I want to use a hall effect sensor to detect when a door is close or not; the sensor would be in the door frame, and a little permanent magnet would be on the door. However, I learned that the sensor I got is latching: at first it outputs 0, when I bring the magnet in the right direction it turns 1, and when I remove the magnet it stays 1.

For my project, I want the sensor to turn HIGH only when the magnet is close to the sensor. To solve this, I could probably get a different non-latching hall effect sensor, but I wanted to know if there was a way to do this with the current sensor I have.

I thought about using a 2nd magnet that would by default make the sensor output 0, but would not be powerful enough to compensate the field generated by the magnet on the door.

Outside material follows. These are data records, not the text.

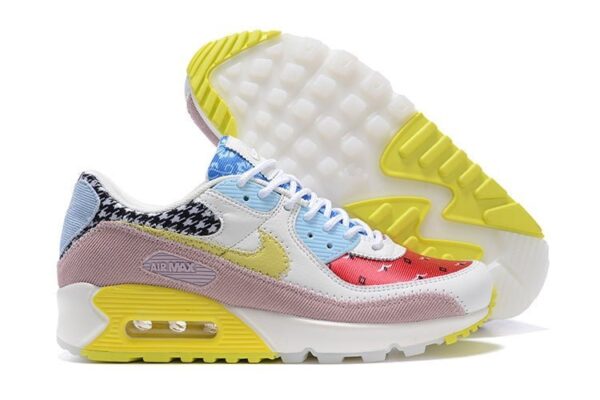 Ladies Air Max 90 Patchwork Sneaker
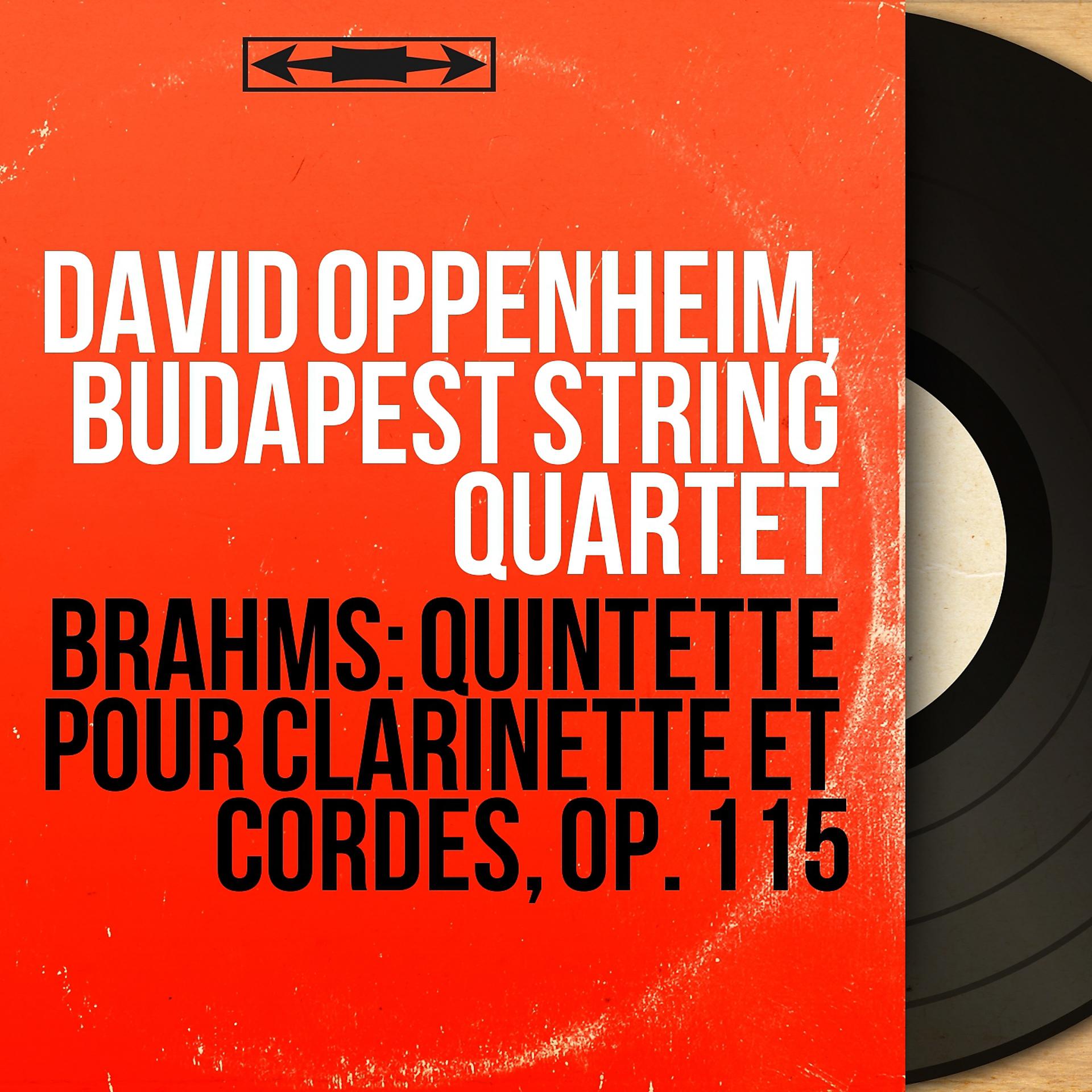 Постер альбома Brahms: Quintette pour clarinette et cordes, Op. 115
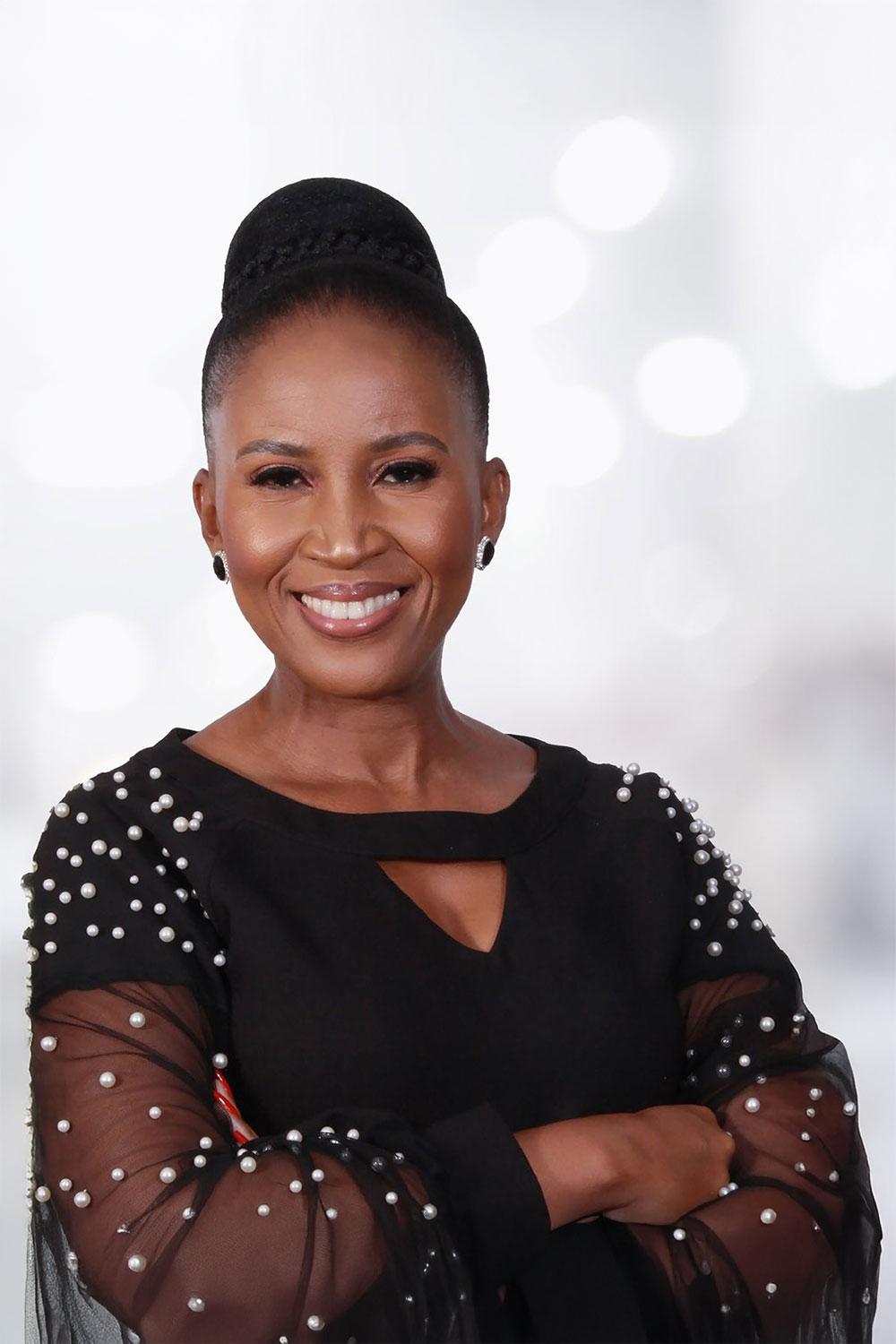 Mpho Phalatse-Nxumalo Portrait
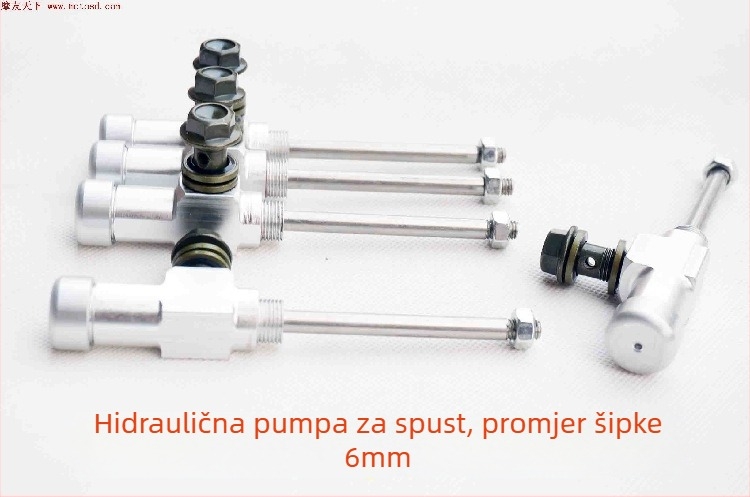 Hidraulična kontrolna pumpa za mehaničke prilagodbe, Marka 1, Model 1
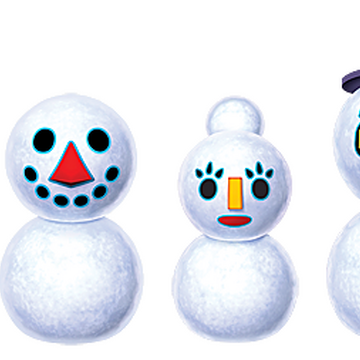 Snowman | Animal Crossing Wiki | Fandom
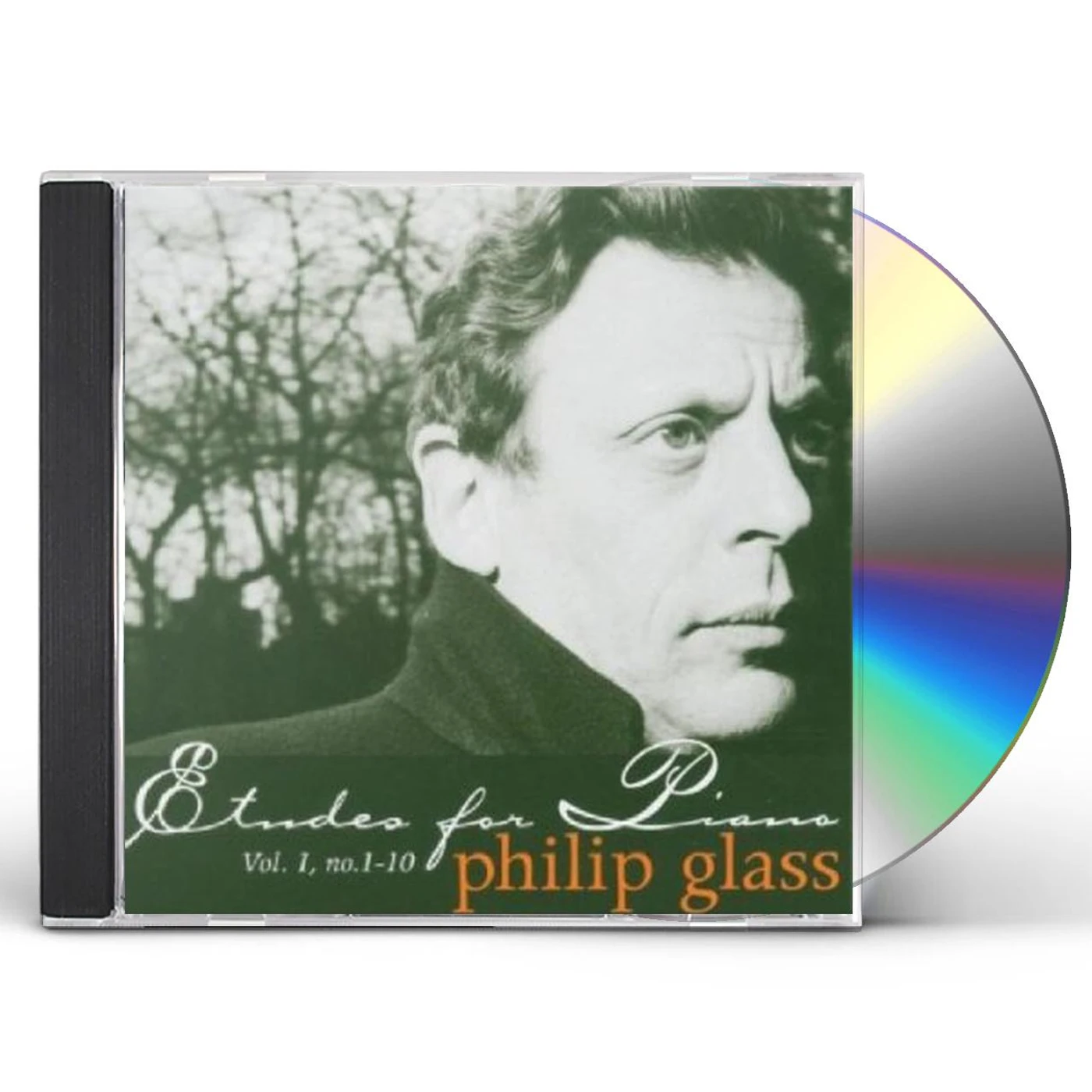 Glass PIANO ETUDES 1 CD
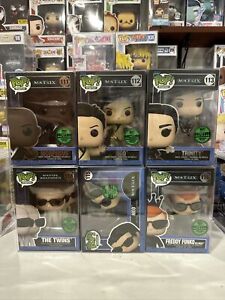 Funko Pop! Matrix Digital - Neo Grail, The Twins, Neo, Trinity, Morpheus, Freddy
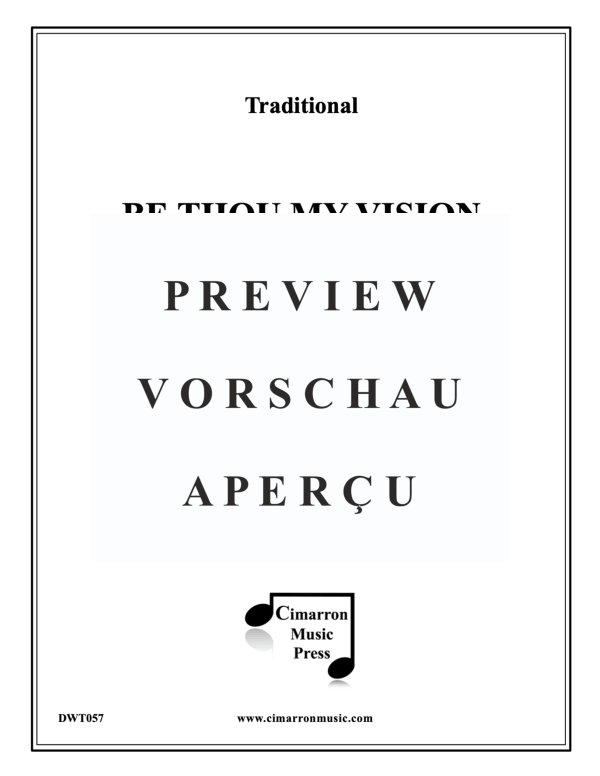 Produktgalerie: Seite 2 von 11 Be Thou My Vision, , Blechbläser Quintett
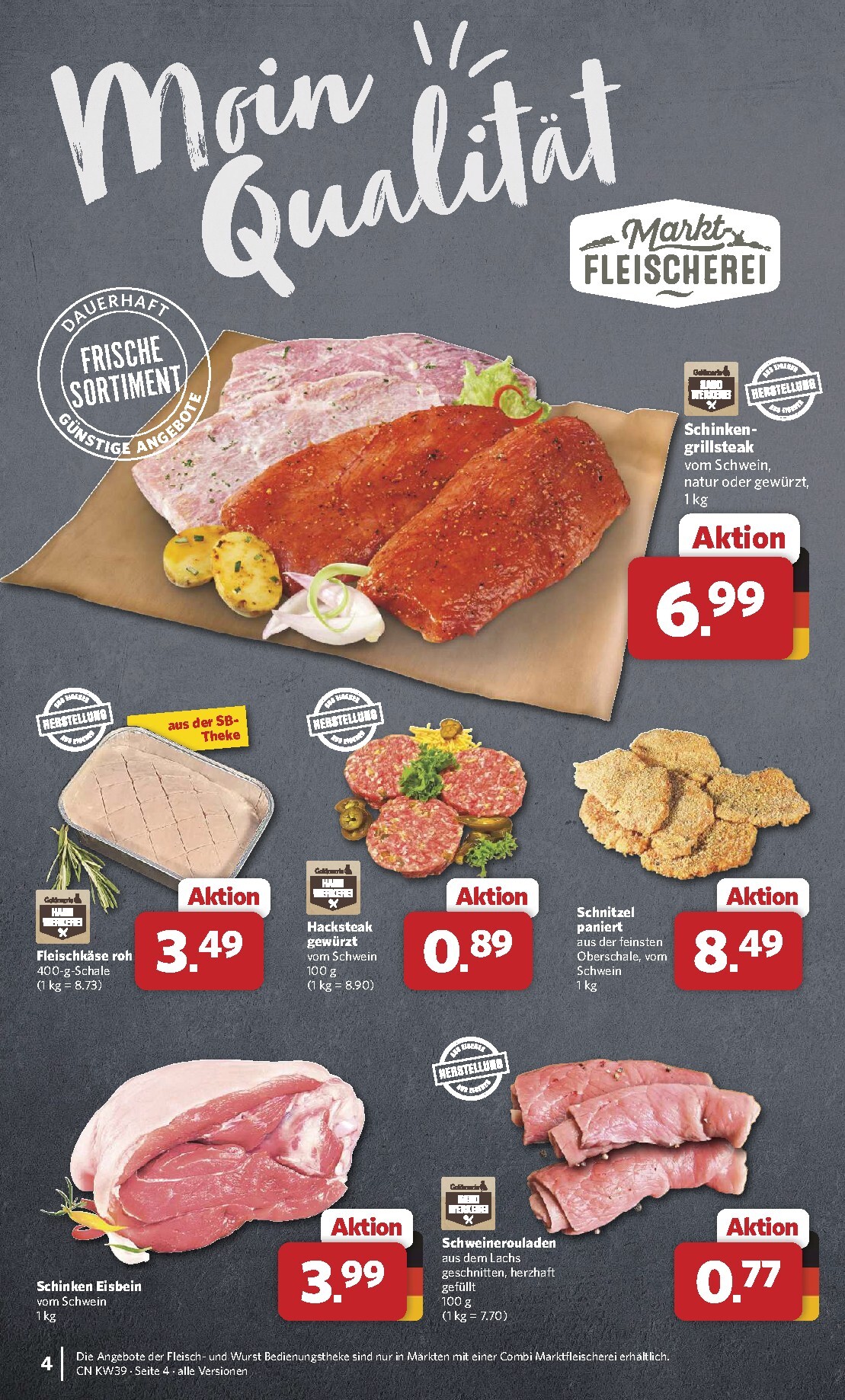 combi - Combi Prospekt nächste Woche – von Montag 21.09.2026 bis Samstag 26.09.2026 - page: 4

Better ideas? Is it worth it?

Best Answer

The document @SteveG linked describes the latching hall effect sensor as latching one value when it detects either a positive ("north") or negative ("south") field and switching to the other value only when it detects the opposite field. Your magnet has both north and south ends, so you should arrange for the magnet to pass north and south across the sensor in one direction when the door is closing and in the opposite direction when the door is opening. If the setup is N then S when the door is closing, and S then N when it is opening, then the sensor will output the latched S value when the door is closed and the latched N value when it is open. The magnet would have to be one where the N and S ends were separated by some distance, like a bar magnet. A disk magnet probably wouldn't work because it would be difficult to pass the N and S sides across the sensor in the manner described.